DATA RECORDS:

=-=-=

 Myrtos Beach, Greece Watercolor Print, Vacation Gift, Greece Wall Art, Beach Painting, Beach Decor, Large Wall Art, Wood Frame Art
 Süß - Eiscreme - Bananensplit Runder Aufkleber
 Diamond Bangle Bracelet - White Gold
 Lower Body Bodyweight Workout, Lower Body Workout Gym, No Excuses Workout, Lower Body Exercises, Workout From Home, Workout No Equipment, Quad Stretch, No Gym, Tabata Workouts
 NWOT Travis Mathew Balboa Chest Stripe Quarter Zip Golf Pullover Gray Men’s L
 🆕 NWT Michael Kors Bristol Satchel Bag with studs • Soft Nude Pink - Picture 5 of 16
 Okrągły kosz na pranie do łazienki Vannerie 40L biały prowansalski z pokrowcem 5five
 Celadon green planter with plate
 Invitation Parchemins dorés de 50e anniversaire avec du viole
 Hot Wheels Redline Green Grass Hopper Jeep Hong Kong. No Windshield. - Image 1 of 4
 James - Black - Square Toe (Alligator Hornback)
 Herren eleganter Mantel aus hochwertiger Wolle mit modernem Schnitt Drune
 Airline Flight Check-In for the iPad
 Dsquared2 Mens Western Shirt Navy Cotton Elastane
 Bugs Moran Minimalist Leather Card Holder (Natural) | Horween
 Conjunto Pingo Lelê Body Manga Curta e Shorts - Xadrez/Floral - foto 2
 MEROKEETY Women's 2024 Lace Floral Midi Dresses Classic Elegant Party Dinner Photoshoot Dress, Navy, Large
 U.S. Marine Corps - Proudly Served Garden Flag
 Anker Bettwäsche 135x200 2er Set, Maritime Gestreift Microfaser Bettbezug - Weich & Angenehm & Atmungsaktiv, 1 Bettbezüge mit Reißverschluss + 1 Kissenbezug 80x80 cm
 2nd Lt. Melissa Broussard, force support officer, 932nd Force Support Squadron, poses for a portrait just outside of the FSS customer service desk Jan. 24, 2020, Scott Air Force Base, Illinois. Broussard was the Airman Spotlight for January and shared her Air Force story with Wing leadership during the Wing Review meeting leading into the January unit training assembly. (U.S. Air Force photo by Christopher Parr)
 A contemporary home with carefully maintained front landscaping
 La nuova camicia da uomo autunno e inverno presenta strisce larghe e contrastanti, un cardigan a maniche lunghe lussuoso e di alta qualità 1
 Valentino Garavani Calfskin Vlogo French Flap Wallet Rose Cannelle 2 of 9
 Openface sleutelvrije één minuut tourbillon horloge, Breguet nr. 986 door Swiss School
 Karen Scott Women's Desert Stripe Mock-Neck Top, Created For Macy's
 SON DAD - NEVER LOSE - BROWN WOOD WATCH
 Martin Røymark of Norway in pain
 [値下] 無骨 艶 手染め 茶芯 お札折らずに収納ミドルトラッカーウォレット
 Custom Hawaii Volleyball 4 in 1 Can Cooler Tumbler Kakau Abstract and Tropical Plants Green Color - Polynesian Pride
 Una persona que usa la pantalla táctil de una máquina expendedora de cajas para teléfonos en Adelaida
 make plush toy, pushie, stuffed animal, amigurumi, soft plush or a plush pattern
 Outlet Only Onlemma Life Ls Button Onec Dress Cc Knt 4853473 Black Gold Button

=-=-=

YOUR GOAL:
Could you return the lines in the entries above that contain "Black"?

SOLUTION TO THIS PROBLEM:
 James - Black - Square Toe (Alligator Hornback)
 Outlet Only Onlemma Life Ls Button Onec Dress Cc Knt 4853473 Black Gold Button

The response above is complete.